Il est facile de perdre l’équilibre
La Mercedes Classe S série 126, le coupé Peugeot 406, la Porsche 993 ou la Jaguar Mk2 ont un point commun : de l’avis général, leurs constructeurs respectifs ne sont jamais parvenus à les surpasser dans les décennies qui ont suivi. Oh, bien sûr, ils ont tous fait plus rapide, plus efficace, plus puissant, plus confortable, et toute cette sorte de choses – loin de moi l’idée de nier la notion même de progrès et de ratiociner sans fin sur le thème pénible du « c’était mieux avant ». Mais une automobile réussie, en particulier lorsque ses ambitions se situent au-delà des triviales préoccupations liées au simple transport d’humains ou de bagages, c’est avant tout une harmonie fondamentale, un équilibre insurpassable entre le design, la technique et – notion chère à BMW – le Freude am Fahren. Un équilibre qu’il est très facile de rompre : une esthétique trop clivante, une finition un brin moins convaincante, une boîte robotisée qui vieillit mal, et vous vous retrouvez avec une M5 E60, sans aucun doute plus « moderne » que sa devancière mais, aux yeux de beaucoup, infiniment moins attirante – et qui aura fait couler beaucoup d’encre lors de son apparition, pas forcément pour le meilleur…

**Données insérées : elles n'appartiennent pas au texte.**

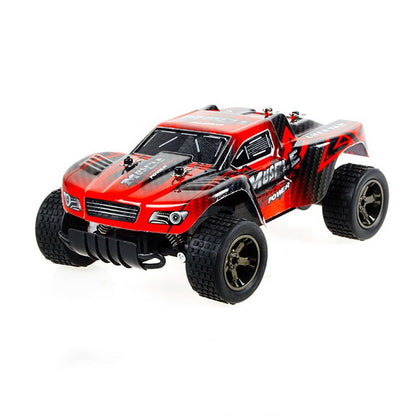 High-speed remote control car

Le premier V8 (mais pas le dernier)
En somme, qu’est-ce qu’une BMW M ? Une automobile de série ensorcelée par la division Motorsport de la firme bavaroise. Et qu’est-ce qu’une M5 ? L’interprétation du concept lorsqu’il est appliqué à celle qui a longtemps incarné le milieu de gamme à Munich – et, de fait, pour beaucoup de fanatiques de la marque à l’hélice, la Série 5, c’est l’âme de BMW, la matrice, le modèle-source. Car la Série 5 est bel est bien la descendante de la fameuse Neue Klasse de 1961, c’est-à-dire la voiture qui a, en toute simplicité, permis à l’entreprise de survivre en retrouvant la voie du succès. La première Série 5 de 1972 en avait contemporanéisé les substrats, mais il aura fallu attendre la deuxième génération du modèle pour que la première M5 voie le jour, en 1984. À l’époque, l’auto était née de l’idée, en apparence saugrenue, de greffer sous le capot de la Série 5 E28 le fabuleux 6-cylindres 24 soupapes issu de la berlinette M1. Résultat : avec ses 286 ch, l’engin toisait de très haut la totalité de ses rivales potentielles parmi les berlines de série. Construite en très petit nombre, la M5 première du nom allait toutefois connaître une longue descendance mais, si sa remplaçante, la E34 de 1988, demeura fidèle au « six-pattes », plus d’un béhémiste patenté sursauta en apprenant, sept ans plus tard, que la génération E39 allait y renoncer pour adopter un huit-cylindres !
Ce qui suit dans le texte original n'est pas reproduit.